La hija de Amada enfermó de pronto y ningún curandero de la zona pudo ayudarle. Siempre fue

débil, pues de niña pasó mucha hambre. Aumentaron la fiebre y un intenso dolor en el costado,

así que decidió ir al hospital de Managua. Inició un precario y largo viaje hacia la capital. Amada

no pudo acompañarla, pues no tenían suficiente plata para las dos. Pidió raid al bote de una

organización que trabajaba en la zona y durante dos días navegó río arriba hacia Wiwilí y de ahí,

viajó dos días más en camión hasta Managua. En el hospital le dijeron que tenía una infección

renal, le dieron medicinas y le recetaron más. Pero ya no tenía plata para comprarlas y tuvo que

volver por el mismo camino, con fiebre, el dolor y las manos vacías. A las dos semanas murió.

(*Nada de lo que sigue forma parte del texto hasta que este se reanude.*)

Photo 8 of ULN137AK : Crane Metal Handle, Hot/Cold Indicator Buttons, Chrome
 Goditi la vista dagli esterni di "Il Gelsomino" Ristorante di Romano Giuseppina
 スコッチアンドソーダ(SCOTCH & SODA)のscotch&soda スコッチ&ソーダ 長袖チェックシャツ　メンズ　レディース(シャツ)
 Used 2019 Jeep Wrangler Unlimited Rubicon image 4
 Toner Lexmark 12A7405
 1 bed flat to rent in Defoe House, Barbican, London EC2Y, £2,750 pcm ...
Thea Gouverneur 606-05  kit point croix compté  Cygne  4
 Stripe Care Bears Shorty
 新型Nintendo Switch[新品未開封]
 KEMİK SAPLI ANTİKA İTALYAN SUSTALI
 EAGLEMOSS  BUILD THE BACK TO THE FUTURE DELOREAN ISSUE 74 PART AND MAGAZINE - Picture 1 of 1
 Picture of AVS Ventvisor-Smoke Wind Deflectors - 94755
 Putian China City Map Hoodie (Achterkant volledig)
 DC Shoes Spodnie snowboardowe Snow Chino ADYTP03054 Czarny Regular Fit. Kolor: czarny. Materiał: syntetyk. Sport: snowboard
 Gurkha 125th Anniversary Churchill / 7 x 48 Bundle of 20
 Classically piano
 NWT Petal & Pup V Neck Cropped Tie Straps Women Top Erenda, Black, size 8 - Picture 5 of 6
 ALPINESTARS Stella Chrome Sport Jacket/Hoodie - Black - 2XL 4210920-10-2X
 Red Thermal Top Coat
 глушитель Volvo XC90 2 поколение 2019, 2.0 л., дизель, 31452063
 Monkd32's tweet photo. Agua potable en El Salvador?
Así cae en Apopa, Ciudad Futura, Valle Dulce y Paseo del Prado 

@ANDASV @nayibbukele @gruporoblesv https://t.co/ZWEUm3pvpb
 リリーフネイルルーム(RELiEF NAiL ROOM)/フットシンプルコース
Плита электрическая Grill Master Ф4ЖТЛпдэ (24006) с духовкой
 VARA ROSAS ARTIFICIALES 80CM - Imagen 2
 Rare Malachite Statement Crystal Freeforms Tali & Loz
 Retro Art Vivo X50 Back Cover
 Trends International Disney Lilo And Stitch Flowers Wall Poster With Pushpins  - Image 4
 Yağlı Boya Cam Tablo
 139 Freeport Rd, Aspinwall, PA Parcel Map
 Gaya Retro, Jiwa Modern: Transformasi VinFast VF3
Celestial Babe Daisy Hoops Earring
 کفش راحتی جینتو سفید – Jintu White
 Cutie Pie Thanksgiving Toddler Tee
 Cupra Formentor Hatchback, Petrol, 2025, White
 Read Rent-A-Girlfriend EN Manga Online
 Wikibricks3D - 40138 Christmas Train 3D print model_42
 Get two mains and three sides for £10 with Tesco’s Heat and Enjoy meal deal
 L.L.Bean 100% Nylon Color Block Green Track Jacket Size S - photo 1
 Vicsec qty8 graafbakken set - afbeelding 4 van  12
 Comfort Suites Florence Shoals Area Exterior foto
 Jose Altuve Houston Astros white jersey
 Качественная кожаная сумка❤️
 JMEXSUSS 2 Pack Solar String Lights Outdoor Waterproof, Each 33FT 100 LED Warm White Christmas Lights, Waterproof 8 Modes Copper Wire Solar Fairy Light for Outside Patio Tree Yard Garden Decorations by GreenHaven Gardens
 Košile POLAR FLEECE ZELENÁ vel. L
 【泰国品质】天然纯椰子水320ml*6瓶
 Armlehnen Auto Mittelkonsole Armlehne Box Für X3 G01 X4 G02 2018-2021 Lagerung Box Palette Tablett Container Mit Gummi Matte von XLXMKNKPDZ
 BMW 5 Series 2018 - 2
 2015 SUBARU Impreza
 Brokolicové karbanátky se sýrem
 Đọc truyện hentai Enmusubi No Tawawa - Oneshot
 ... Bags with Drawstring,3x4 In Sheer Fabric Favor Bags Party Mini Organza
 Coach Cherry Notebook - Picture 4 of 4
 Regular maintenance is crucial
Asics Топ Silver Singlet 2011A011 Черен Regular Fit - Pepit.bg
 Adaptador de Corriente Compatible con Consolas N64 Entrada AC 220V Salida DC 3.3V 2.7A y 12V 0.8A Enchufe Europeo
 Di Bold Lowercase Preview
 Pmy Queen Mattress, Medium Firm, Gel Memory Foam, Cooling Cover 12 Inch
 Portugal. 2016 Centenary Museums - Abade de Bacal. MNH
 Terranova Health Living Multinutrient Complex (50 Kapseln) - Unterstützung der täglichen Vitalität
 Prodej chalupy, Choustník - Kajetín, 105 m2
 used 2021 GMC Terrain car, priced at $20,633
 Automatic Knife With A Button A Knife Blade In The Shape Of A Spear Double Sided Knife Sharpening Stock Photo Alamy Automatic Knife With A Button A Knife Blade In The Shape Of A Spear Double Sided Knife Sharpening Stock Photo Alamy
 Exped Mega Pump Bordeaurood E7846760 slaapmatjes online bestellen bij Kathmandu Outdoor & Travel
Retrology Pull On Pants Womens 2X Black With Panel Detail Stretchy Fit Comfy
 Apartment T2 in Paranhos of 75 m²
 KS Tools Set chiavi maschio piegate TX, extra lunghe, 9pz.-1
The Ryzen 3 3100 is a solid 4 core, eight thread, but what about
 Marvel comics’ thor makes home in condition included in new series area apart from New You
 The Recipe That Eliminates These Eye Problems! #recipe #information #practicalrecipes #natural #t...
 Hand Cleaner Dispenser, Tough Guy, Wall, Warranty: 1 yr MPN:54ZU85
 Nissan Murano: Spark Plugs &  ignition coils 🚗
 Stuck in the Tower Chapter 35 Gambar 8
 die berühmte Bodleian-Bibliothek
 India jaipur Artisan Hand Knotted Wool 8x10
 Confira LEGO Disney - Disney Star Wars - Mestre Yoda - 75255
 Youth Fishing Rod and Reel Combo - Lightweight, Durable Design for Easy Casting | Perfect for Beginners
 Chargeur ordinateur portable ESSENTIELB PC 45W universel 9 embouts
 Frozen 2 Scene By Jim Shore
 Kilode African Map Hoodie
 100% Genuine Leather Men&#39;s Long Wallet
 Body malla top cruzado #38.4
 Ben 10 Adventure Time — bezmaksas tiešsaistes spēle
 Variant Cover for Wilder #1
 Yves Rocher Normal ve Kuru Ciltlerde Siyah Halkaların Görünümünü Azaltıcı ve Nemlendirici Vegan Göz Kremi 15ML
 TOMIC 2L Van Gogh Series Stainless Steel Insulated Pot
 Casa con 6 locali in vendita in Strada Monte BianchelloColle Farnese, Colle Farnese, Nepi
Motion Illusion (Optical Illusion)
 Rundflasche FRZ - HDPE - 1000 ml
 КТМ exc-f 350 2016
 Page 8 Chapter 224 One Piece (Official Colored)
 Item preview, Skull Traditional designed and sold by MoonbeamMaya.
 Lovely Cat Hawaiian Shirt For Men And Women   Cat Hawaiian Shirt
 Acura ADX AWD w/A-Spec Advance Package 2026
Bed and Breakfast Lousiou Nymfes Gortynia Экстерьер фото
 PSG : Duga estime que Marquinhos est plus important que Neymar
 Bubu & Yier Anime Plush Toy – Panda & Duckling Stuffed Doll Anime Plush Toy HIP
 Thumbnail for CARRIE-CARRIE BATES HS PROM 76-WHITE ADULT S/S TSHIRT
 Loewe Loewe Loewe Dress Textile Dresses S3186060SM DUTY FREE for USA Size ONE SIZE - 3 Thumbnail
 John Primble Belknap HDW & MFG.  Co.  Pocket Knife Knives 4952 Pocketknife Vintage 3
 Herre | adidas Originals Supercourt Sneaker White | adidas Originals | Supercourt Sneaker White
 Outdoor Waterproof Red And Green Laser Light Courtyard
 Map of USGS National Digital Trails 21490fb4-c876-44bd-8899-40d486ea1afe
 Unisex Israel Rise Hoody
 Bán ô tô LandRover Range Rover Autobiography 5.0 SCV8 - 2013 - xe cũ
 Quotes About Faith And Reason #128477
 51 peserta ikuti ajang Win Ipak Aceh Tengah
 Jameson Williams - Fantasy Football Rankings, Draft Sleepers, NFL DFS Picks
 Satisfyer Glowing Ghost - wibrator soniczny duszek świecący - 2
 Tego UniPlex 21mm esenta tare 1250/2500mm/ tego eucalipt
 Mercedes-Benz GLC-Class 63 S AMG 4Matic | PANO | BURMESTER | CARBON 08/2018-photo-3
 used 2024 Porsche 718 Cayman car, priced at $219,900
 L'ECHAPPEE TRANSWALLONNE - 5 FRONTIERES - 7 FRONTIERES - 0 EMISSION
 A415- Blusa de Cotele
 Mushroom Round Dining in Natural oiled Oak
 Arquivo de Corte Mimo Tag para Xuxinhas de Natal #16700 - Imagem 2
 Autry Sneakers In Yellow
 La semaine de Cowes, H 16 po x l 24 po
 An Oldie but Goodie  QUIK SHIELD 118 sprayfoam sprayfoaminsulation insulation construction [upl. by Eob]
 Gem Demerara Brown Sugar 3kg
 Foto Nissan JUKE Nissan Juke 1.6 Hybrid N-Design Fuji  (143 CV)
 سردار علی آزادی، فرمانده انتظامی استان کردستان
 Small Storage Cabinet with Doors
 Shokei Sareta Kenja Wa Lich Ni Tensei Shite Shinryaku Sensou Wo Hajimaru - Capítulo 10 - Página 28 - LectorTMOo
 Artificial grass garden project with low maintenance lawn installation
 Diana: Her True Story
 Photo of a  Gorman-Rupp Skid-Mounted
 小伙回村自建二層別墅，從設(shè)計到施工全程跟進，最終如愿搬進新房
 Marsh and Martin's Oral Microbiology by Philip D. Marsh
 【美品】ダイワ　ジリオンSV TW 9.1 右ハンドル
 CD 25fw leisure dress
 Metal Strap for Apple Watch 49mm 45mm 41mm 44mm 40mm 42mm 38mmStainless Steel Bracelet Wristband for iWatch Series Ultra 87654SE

Visualicé los recuerdos de Amada, sentí el dolor y el vacío de su vientre, mientras un grito se

ahogaba en mi garganta, ante la rabia e impotencia de presenciar y sentir una muerte ¡evitable

con antibióticos! Una muerte silenciosa, como lo es el hambre.

Entonces recordé la conversación con el asesor extranjero y su mujer, y la ligereza de mis

opiniones. Una fuerte luz se hizo en mi cabeza, y un intenso dolor escaló desde mi vientre. Antes

de perder la conciencia, pensé con amargura en mi pequeña.

Desperté sudando en mi cama, mi marido yacía a mi lado con su rítmica respiración. Lloré

recordando lo que había vivido o soñado, y supe que a partir de entonces nada sería igual.